Jacob Oram, the New Zealand allrounder, has given his team a "ten out of ten" rating for their 141-run victory against Zimbabwe in the second ODI at Cobham Oval, Whangarei. The result followed a 90-run win in the first match in Dunedin and gave New Zealand the series 2-0 with one game to play.
"Dunedin, we were maybe six out of ten. Today we were ten out of ten … the beauty of today is that we didn't scrape through with a patchy, scratchy performance like we had in Dunedin," Oram said. "Today was really professional. We just have to nail them [Zimbabwe] again because next week it's the big fish from South Africa."
Oram played an important role in his team's commanding performance, scoring 59 off 28 balls to build a platform from which New Zealand reached 372 for 6. He launched his attack on Zimbabwe from No. 3, a position he hasn't batted at for nearly a decade. Oram said the decision to go up the order was a tactical one.
"It was to take advantage of the wind blowing across to the short boundary and to take the Powerplay straight away," Oram said. "It was not exactly six and out but it was to have some fun and see how we go. I haven't scored the amount of runs that I would like to. I understand the reasons for that. Today was really nice, you only hit a few out of the middle and you remember the feeling again."
New Zealand took the batting Powerplay in the 25th over, two balls after Oram came to the middle, and scored 44 for 0 in the five-over block. It boosted the home team from 132 for 1 to 176 for 1 by the 29th over.
"The start that we had was so good, it gave us an opportunity where we could put them [Zimbabwe] away tactically as well," Brendon McCullum, the New Zealand captain, said when asked about Oram's promotion and the timing of the batting Powerplay. "It gave Jacob an opportunity to get into the game with the bat, which he hasn't been able to do for a while.
"All the stars kind of aligned and, with the short boundary on the left-hander's side and the wind going way, it felt like the right option. And with being able to take the Powerplay at that time again, we felt like we might be able to get their seamers back early. If not, we felt Jacob would be able to tear into their spinners."
Oram aside, New Zealand's innings was anchored and powered by Rob Nicol, who scored 146 off 134 balls before falling in the 49th over. It was his second hundred in five ODIs and McCullum called it "sublime".
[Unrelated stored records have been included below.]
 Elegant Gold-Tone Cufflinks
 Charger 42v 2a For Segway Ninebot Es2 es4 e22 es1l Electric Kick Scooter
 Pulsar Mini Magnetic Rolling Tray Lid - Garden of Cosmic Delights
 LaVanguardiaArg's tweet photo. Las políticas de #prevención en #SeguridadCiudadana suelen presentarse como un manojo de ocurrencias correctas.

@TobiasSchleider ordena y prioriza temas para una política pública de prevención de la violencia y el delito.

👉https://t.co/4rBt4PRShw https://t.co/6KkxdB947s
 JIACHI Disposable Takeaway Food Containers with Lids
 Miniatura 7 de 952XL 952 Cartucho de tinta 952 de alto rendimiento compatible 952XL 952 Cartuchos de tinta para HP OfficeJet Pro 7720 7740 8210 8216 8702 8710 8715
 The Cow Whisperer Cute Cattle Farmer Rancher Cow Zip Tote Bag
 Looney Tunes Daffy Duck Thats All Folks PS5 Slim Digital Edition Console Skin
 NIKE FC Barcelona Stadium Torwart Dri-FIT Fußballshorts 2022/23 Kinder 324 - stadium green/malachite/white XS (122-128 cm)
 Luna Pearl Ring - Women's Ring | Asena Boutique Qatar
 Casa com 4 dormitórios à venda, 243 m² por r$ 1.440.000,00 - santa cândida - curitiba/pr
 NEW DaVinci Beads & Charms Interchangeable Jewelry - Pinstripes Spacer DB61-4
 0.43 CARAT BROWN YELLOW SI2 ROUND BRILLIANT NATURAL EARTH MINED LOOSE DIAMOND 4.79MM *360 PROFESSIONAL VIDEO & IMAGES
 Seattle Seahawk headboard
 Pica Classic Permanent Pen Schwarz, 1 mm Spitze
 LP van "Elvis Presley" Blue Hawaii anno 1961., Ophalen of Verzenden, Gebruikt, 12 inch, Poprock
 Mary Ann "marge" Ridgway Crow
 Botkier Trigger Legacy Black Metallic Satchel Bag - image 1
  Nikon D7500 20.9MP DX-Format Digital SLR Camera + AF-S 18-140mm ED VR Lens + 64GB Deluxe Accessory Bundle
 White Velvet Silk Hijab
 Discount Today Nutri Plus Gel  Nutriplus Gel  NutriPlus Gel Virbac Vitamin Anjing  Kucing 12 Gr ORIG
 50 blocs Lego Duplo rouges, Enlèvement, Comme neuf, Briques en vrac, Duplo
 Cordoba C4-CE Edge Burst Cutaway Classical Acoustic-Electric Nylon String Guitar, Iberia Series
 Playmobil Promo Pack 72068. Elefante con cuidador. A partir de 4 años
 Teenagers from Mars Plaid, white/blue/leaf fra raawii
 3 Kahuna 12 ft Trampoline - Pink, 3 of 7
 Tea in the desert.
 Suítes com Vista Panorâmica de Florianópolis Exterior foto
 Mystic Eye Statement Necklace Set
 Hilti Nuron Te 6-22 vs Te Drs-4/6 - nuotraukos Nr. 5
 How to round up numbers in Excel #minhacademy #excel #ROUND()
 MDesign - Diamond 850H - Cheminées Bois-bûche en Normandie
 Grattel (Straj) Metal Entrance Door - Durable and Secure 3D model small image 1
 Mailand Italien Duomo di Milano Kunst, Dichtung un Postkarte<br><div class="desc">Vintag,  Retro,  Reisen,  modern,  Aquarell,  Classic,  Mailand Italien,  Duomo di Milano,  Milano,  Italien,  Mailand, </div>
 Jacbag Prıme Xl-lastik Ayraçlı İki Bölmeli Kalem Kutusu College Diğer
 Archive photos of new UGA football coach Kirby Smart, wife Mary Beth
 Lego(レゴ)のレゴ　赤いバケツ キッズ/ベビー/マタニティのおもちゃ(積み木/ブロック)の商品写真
"To have been able to play the role that he [Nicol] did, with the way Martin was going at the start, and to be able to get Martin on strike and read the situation as well he did. Once Martin left, he worked well with Jacob and then kicked on from there. It was a brilliant innings. It was Rob's second hundred in not many games and it's shown his ability to step up from domestic cricket. He has a real presence on the international stage so very excited for him.
"We asked a lot of the team after Dunedin. We won ugly down there. But to come up today, start as well as we did. We were brilliant with the ball too under some interesting circumstances."
Zimbabwe were reduced to 17 for 3 in their chase and, after their captain Brendan Taylor fell, they appeared to focus on batting through the 50 overs instead of trying to win. They finished on 231 for 8.
"It's tough from Zimbabwe's point of view. They are obviously low on confidence and looking to spend some time in the middle," McCullum said. "Once they lost Brendan Taylor, I felt they were pretty set on trying to bat the 50 overs and I guess they achieved that, but it was pretty hard to take 10 wickets on that wicket with that sort of mentality. I wouldn't begrudge our bowlers for their efforts in trying to knock over our opposition."
The second ODI was the first international match played at the Cobham Oval in Whangarei, and Oram said the pitch was "outstanding".
"Right up there with some of the best I have played on in New Zealand. It actually looked like a Napier wicket and it played like a Napier wicket. It had bounce and pace. You could just hook through the line. You enjoyed bowling on it, because it gave you a little bit of bounce. If you bent your back, there was something to be had."
New Zealand have already won the series and have a chance to complete a 3-0 sweep in Napier on February 9.